Keywords

1 Introduction

A significant body of research has documented age-related decline in cognitive and motor abilities among adults over 60 [1,2,3,4,5,6,7]. These declines manifest themselves in a variety of ways. Slower reaction time for older adults has been documented for a number of tasks, for example: naming items [8], wayfinding [9], and simple and complex auditory tasks [10].

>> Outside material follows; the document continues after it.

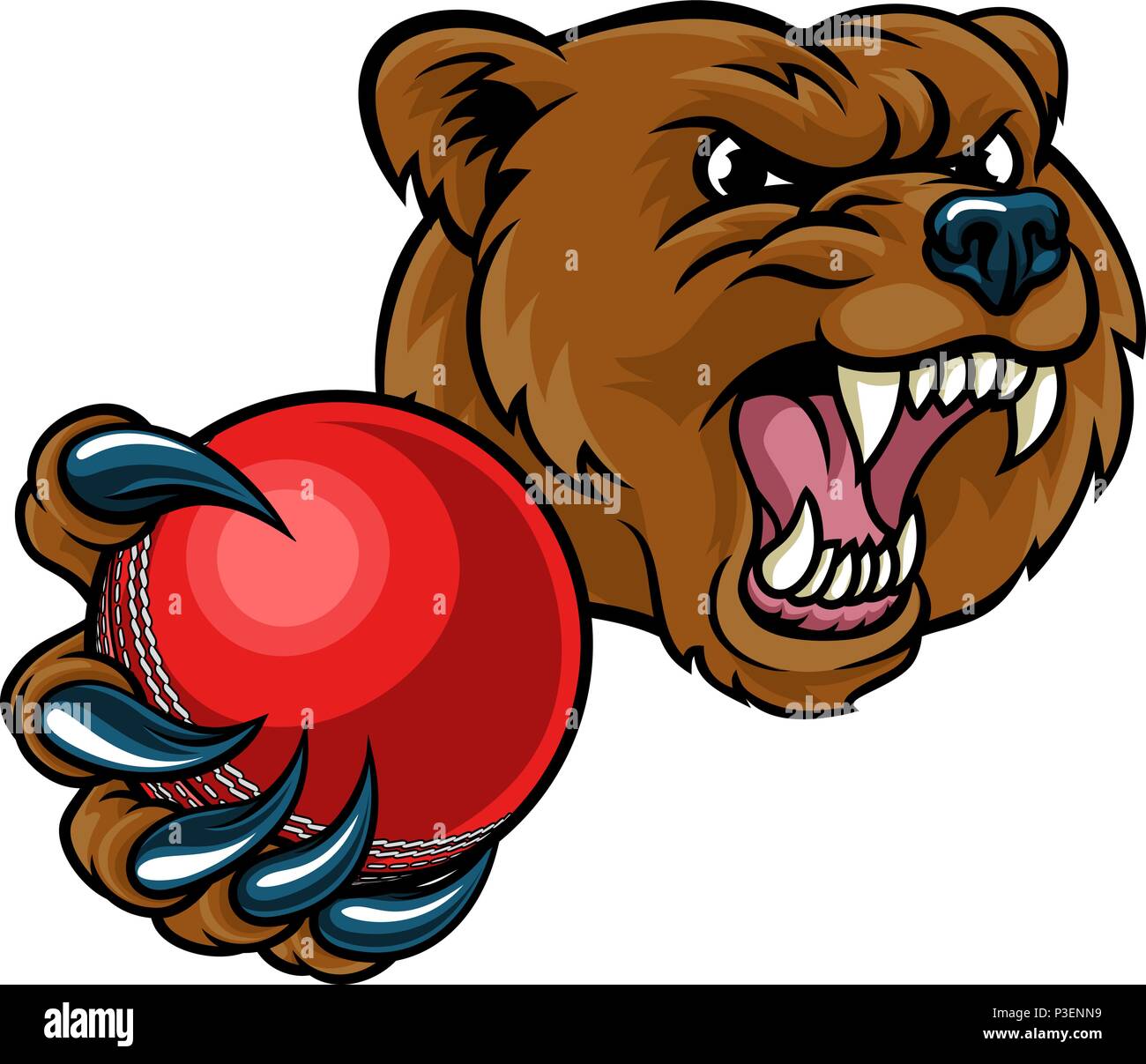 Tragen Holding Cricket Ball Stock Vektor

Age-related differences have also been found in accomplishing tasks with technology devices. Some studies have focused on measuring behavioral differences when using a computer mouse or when touching the screen. Older users took longer to select targets using a PC mouse than younger or middle-aged adults but there was no time difference by age when the task was to touch the target on the PC screen [11]. When using touch on smaller devices, age related differences appear. For example, one study found that older adults took longer to touch targets, and made more selection errors in terms of misses and slip rate (where the person originally hits the target but slips off the target before lifting the finger) compared to younger adults on smaller devices [12]. Other researchers found that while older adults were slower in touch target tasks than younger adults, the gap between the two groups was smaller with iPad touch screens than with a mouse on desktop screens [13]. Similarly, another study found that the computer mouse increased both cognitive- and motor-demands compared to touch pad and touch screen for tasks involving static image selection [14]. Touch screens, especially with large touch buttons, more easily accommodate older adults compared to a mouse or keyboard for input [15]. In addition to reaction time, website research has found differences in eye movement between older and younger adults [16, 17]. These data suggest smaller devices lead to more performance issues for older adults.

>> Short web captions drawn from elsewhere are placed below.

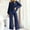 #580-Dark Blue, variant on Women's Fall Winter Suit Set,Fashion Versatile Tie-Waist Solid Color Loose, Office Commute Top and Pants for Work and Daily Wear
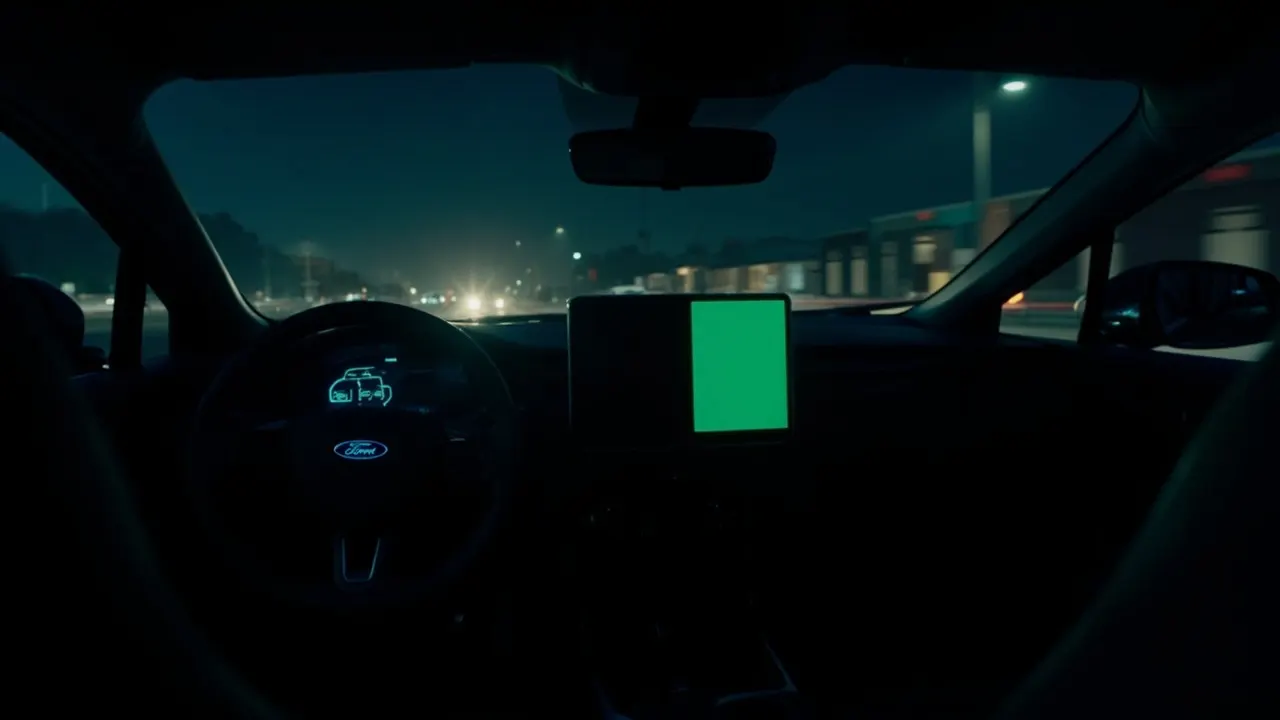 An empty Ford Mustang Mach-E interior at night with the portrait touchscreen glowing green and a Ford badge visible on the steering wheel
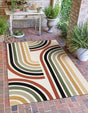 Multicolor 5' 1 x 8' Outdoor Modern Rectangle Area Rug Weather Resistant for Patio, Deck, Terrace, Balcony, Porch 100% Polypropylene Modern Outside Carpet for Sale at Rug Engine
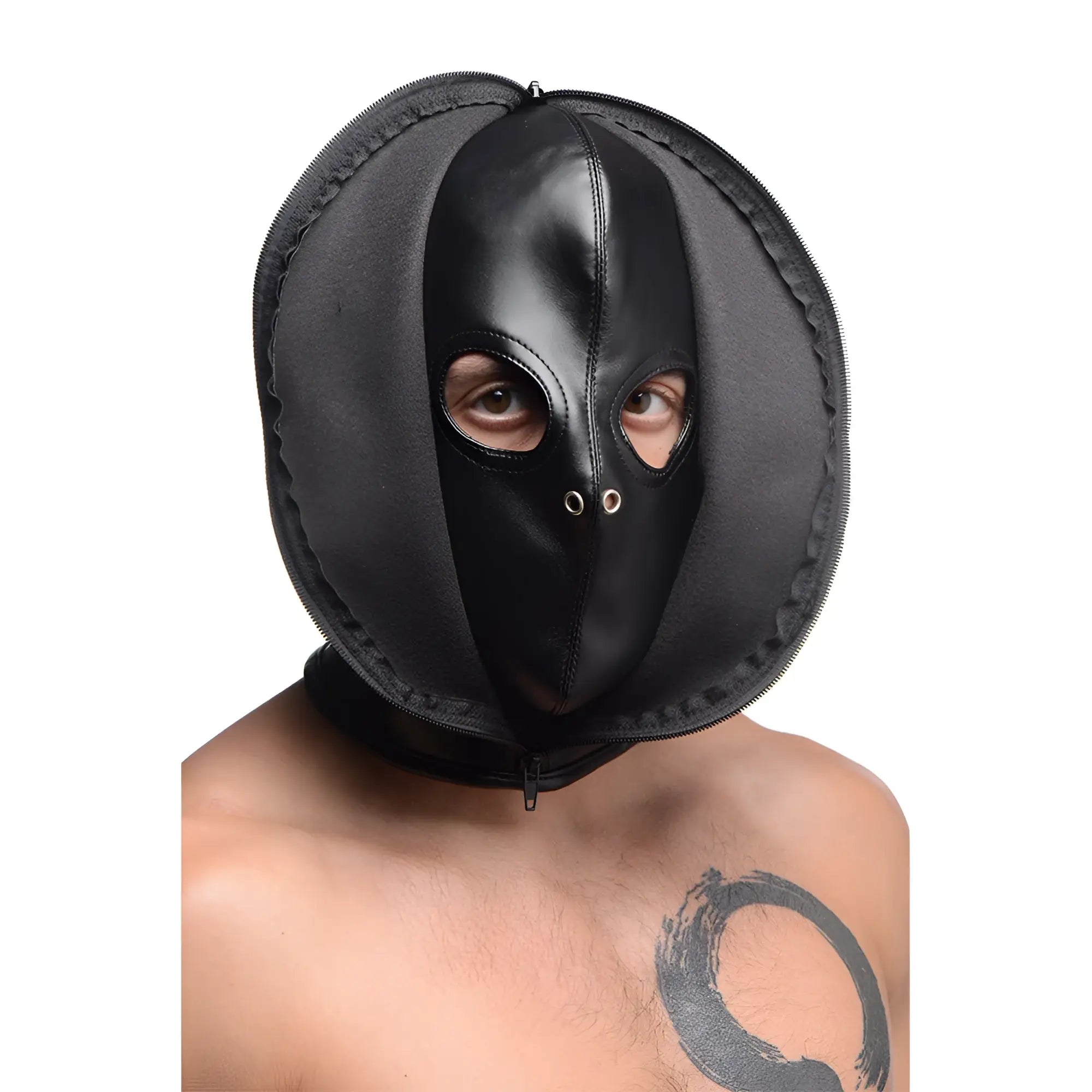 Black leather and fabric zip front bondage hood with zipper closure shown from the back side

In general these findings suggest that devices activated by touch might be easier for older adults to use than desktop or laptop computers, which require an external navigation device such as a mouse or keyboard. These studies also suggest that device size influences performance, with larger touch devices leading to fewer differences between older and younger users. This is especially the case for novice users as research also shows the amount of time spent using and interacting with devices affects older adult performance [14, 18]. The direction of the relationship is as expected with more experience with a device type leading to more positive usability outcomes such as higher accuracy and increased speed accomplishing tasks.

Some studies have focused on improving the usability of smartphones by designing inputs on smartphones for older adults. For touch entry, Murata & Iwase (2005) found 16.5 mm (about .6 in.) button size and gaps between buttons resulted in the fastest reaction time for older users [11]. In order to reduce performance error rates for older users, the optimal amount of spacing between buttons was found to be between 3.17 mm and 12.7 mm (about .12 to .5 in.) [15]. One study warns against using small buttons and placing frequently used buttons on the right side, especially the lower right side, of the screen because of thumb mobility issues in older adults, given the assumption of right-single handed phone operation [19].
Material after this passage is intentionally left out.